Regardless of British contribution to the realisation of an iconic German road racer, the ballistic Baby Benz represents a significant milestone in performance saloon car history. The 2.3-16 is fast, it’s fun and it oozes practicality. It’s got loads of luggage space and a desirable technical specification, even by today’s standards. Due to the enthusiasm cars of this age have for attracting tinworm, it’s a rare beast too. Even so, production of the 2.3-16 exceeded the lower volume of the 944S by more than 2,000 units.

The transaxle is, of course, forever in the shadow of its air-cooled sibling, both in terms of respect and price. It seems only a Turbo badge is enough to get the majority of old-school Porschephiles salivating when it comes to appreciating the merits of water-cooled wonders. That’s a shame, because the high-quality design, durable technology, excellent handling and agreeable fuel economy of the 944S contribute to a car more practical and more comfortable than a similarly-aged 911. That’s not to say the front-engined Stuttgart-badged belter is more fun that a 2.3-16, though!

Contrary to what you might think at first glance, the character of the 944S is more in keeping with its continent cruising cousin, the V8-powered 928 grand tourer, than it is that of a snappy sports machine. It’s civilised, more mature. In contrast, the Mercedes is an absolute riot of fast-road fun. Take our advice and buy one before prices rise beyond reach. You won’t regret it!

Above The 944’s impact bumpers are a familiar sight in North America, where they were introduced to satisfy strict road safety legislation. Left Torquey sixteen-valve inline-four boasts 2.5-litres of displacement and would go on to become a three-litre unit for the 944 S2, crowning the engine as being the largest four-cylinder production powerplant of its time. Above The 944’s evolution as a purely Porsche development of the narrow-bodied 924 (a model with joint VW-Porsche parentage) is clear to see. Left Oval-shaped dashboard binnacle replaced the ‘square dash’ of earlier 944s and still feels surprisingly fresh today. Above You’d think the coupe should be more fun than the saloon, but a side-by-side test proves the Mercedes delivers plenty more smiles to the mile Facing page Dog-engagement gearbox features reverse where most people expect first to be positioned.

Henry’s gain

Cosworth was founded in London in 1958 as a specialist in high-power engines and electronics for motorsport. As employees of Lotus, Cosworth co-founders, Mike Costin and Keith Duckworth, initially worked exclusively with the Norfolk-based sports car and racing concern, producing competition winning powerplants for Colin Chapman’s projects.

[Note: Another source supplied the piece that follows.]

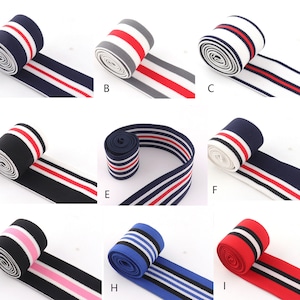 1.5 Inch High elastic striped webbing Elastic Stretch Band Ribbon Multiple Color Stripe Elastic band 38mm strap webbing by the yard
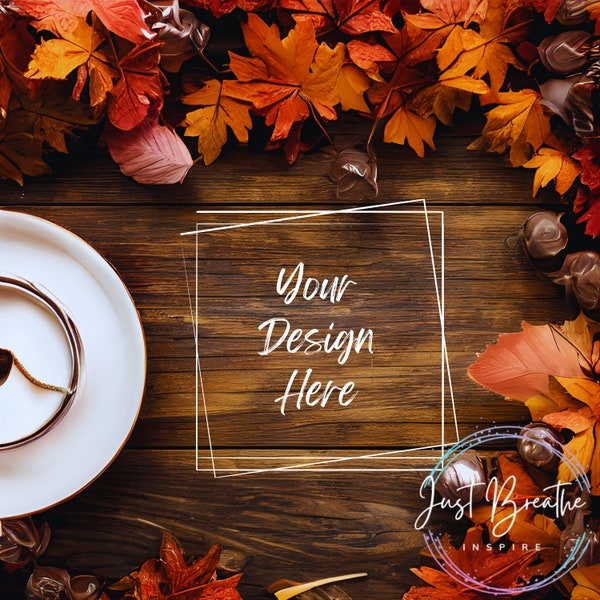 Fall Background Mockup | Autum Thanksgiving MOCK | Fall Leaves Image | Digital Backdrop | Flat Lay | Scene Maker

Later, a contract with Ford saw the development of the DFV F1 engine and the eventual purchase of Cosworth by Ford following the launch of successful road, race and rally cars in the form of RS-badged Sierras and Escorts.

Big hitter

The 944 was the most successful Porsche product prior to the launch of the Boxster.

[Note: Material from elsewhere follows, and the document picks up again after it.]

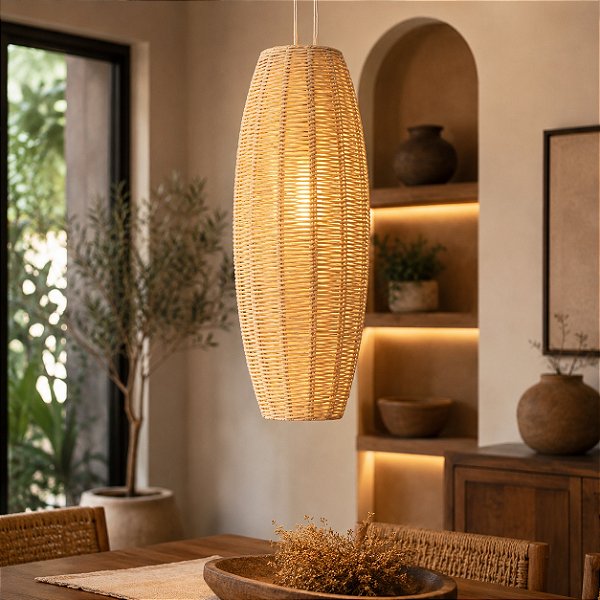 Pendente Lustre Bala G de Palha de Milho Artesanal Luminária Decorativa Boho Rústica (cod:579)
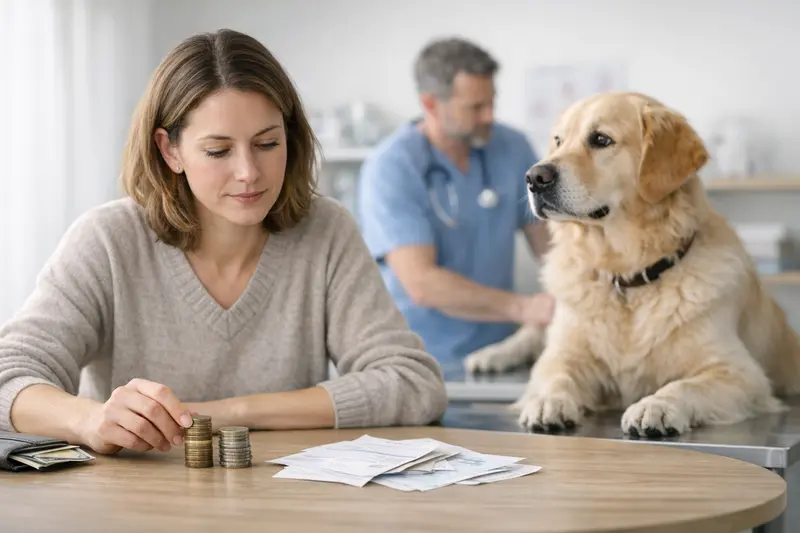 Selbstbeteiligung in der Hundekrankenversicherung Ein Hundebesitzer diskutiert die Selbstbeteiligung seiner Hundekrankenversicherung mit dem Tierarzt.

The transaxle’s muscular body and powerful drivetrain was an evolution of the 924 GTP, a Le Mans machine which debuted at Sarthe in 1981. Based on the 924 Carrera GT, the new car introduced a purely Porsche 2.5-litre engine and finished seventh overall before being unveiled as the 944 road car in 1982. Newly designed brakes and suspension, interior upgrades and a wider track heralded the beginning of a successful nine-year production run before the arrival of the 968.